■ **Given information**
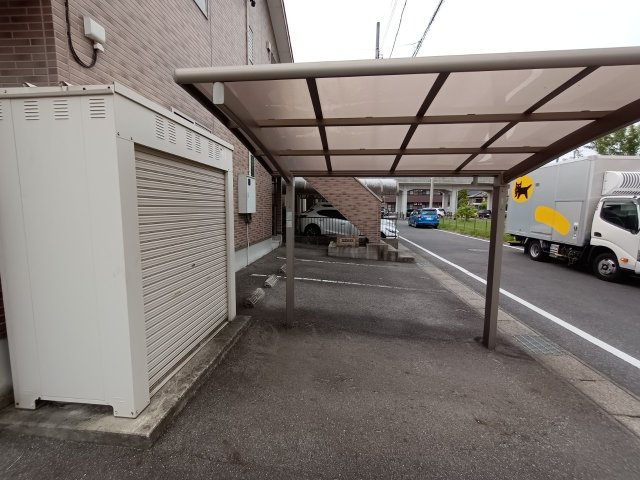 ISIDASOUの駐車場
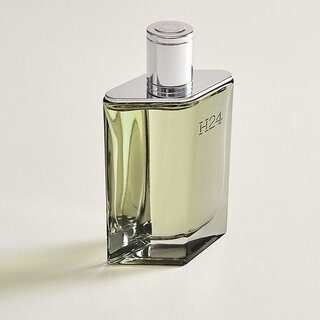 エルメスのメンズフレグランス「H24」からオー ド パルファムとスキンケア3種が登場｜HERMÈS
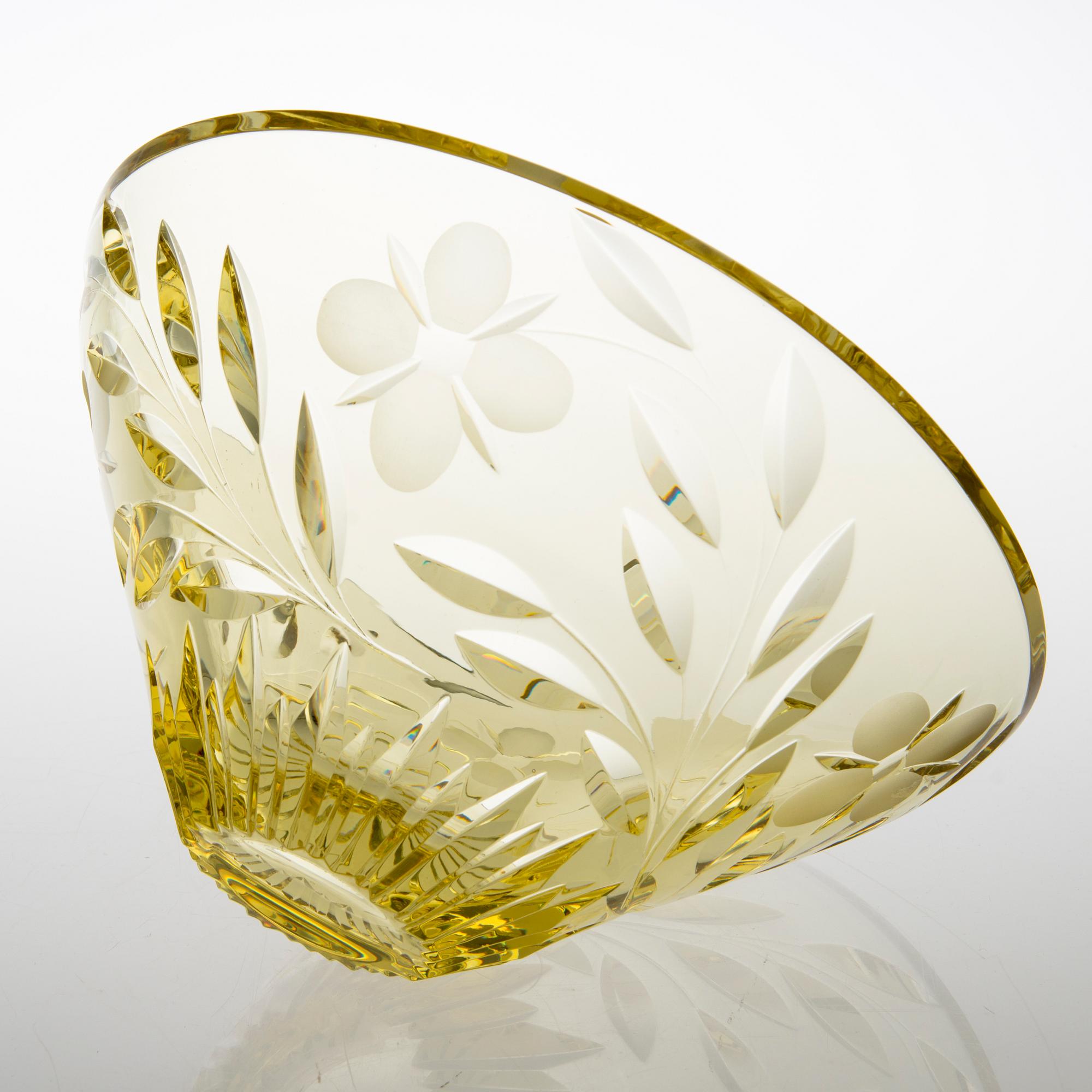 AIMO OKKOLIN, a bowl signed Aimo Okkolin Riihimäen Lasi Oy.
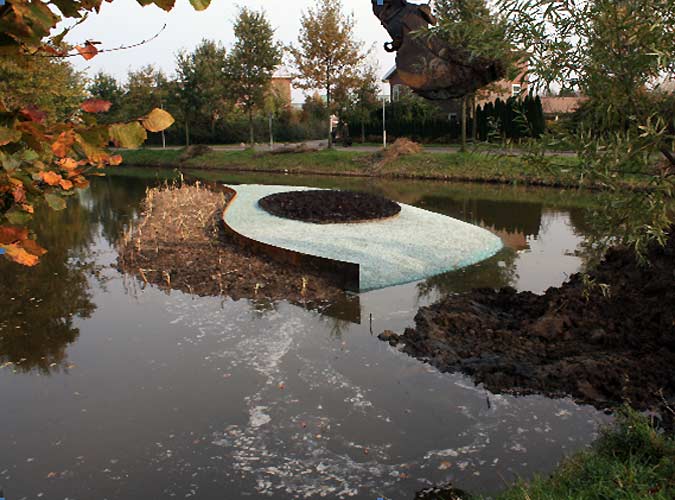 Tol Eiland te Vleuten (Utrecht) van Beeldend kunstenaar Paul De Kort - beelden uitgevoerd door Segno d'Arte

■ **What the task requires**
Apart from the images, every line above needs to be printed again exactly.

■ **Result of the task**
 ISIDASOUの駐車場
 エルメスのメンズフレグランス「H24」からオー ド パルファムとスキンケア3種が登場｜HERMÈS
 AIMO OKKOLIN, a bowl signed Aimo Okkolin Riihimäen Lasi Oy.
 Tol Eiland te Vleuten (Utrecht) van Beeldend kunstenaar Paul De Kort - beelden uitgevoerd door Segno d'Arte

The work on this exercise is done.